Assigned task
Print exactly the lines that run from the one containing "Τζ. Πάιατ για" to the final line of the data, both included, and print none of the pictures.

Available data
────
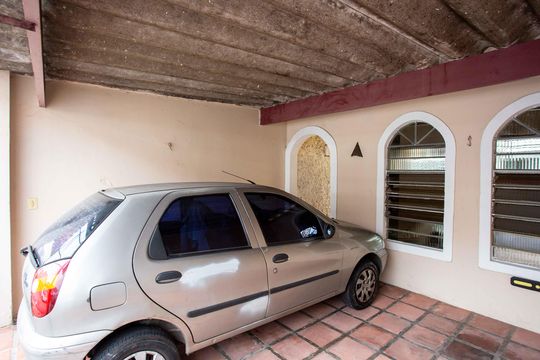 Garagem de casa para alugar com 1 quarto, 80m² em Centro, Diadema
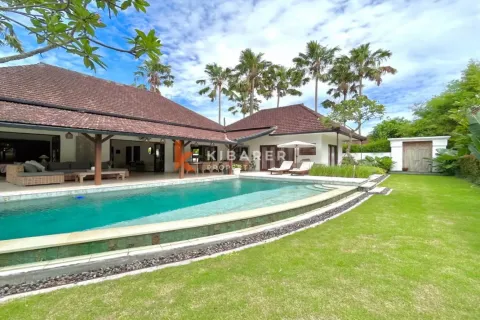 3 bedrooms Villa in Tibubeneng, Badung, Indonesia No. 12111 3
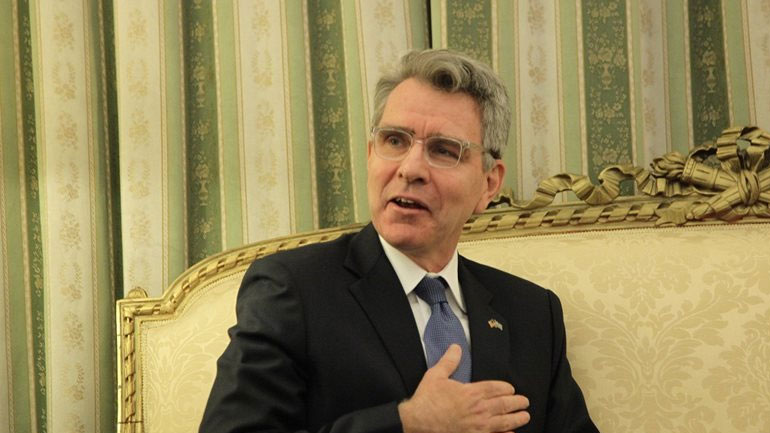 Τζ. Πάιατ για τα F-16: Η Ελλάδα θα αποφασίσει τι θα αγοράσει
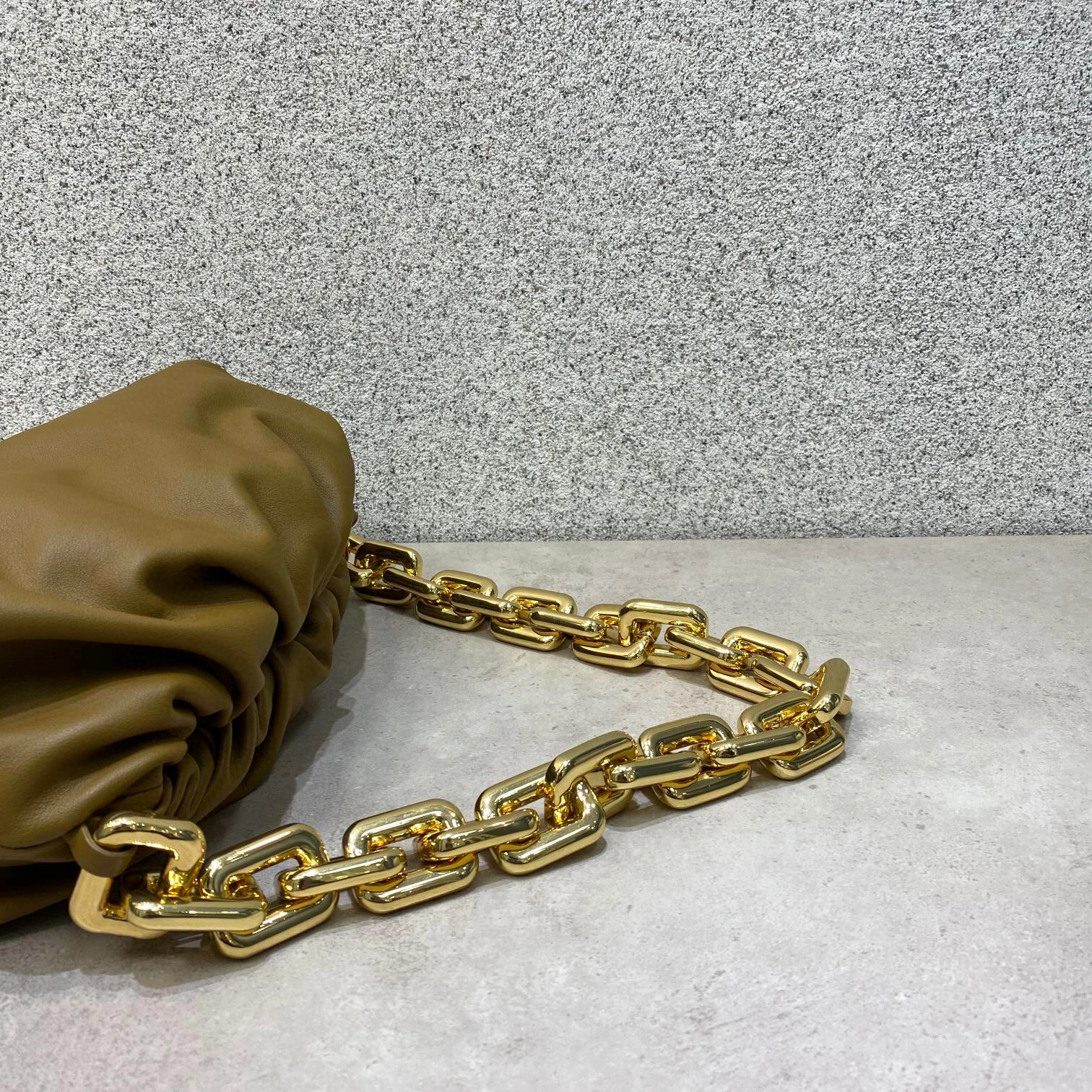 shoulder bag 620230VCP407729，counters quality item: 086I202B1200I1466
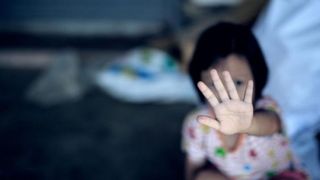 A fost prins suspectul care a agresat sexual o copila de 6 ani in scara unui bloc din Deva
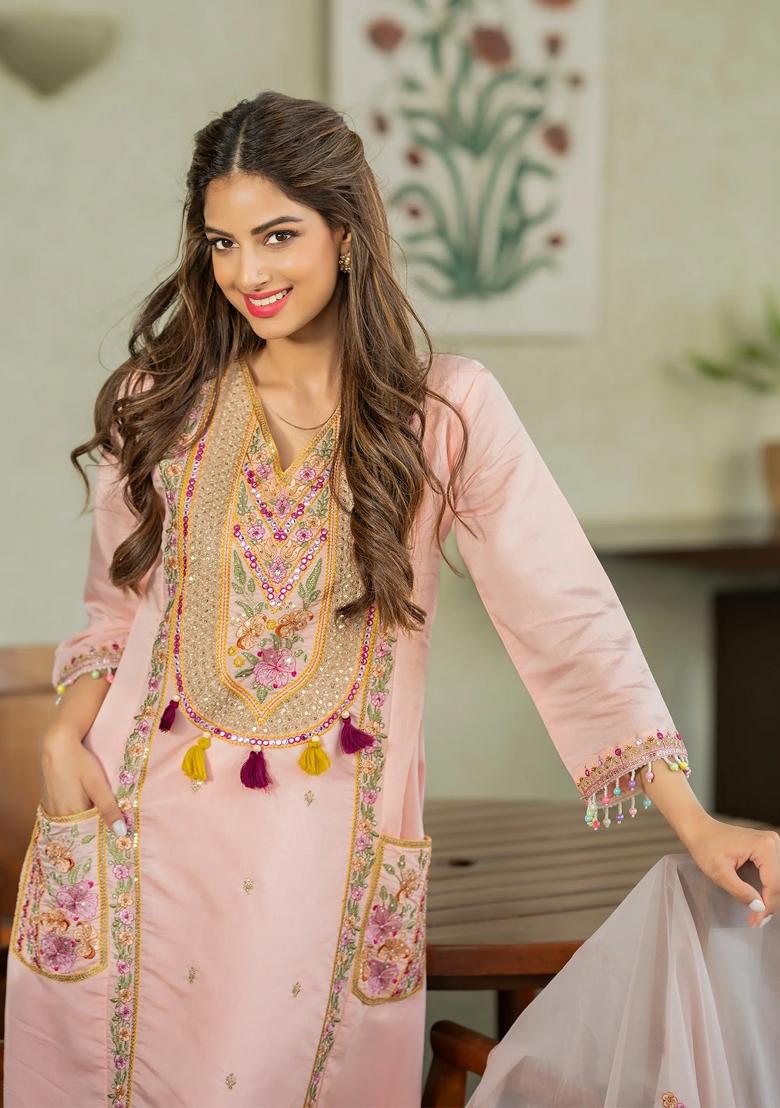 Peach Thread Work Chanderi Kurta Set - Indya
────
Exercise output
 Τζ. Πάιατ για τα F-16: Η Ελλάδα θα αποφασίσει τι θα αγοράσει
 shoulder bag 620230VCP407729，counters quality item: 086I202B1200I1466
 A fost prins suspectul care a agresat sexual o copila de 6 ani in scara unui bloc din Deva
 Peach Thread Work Chanderi Kurta Set - Indya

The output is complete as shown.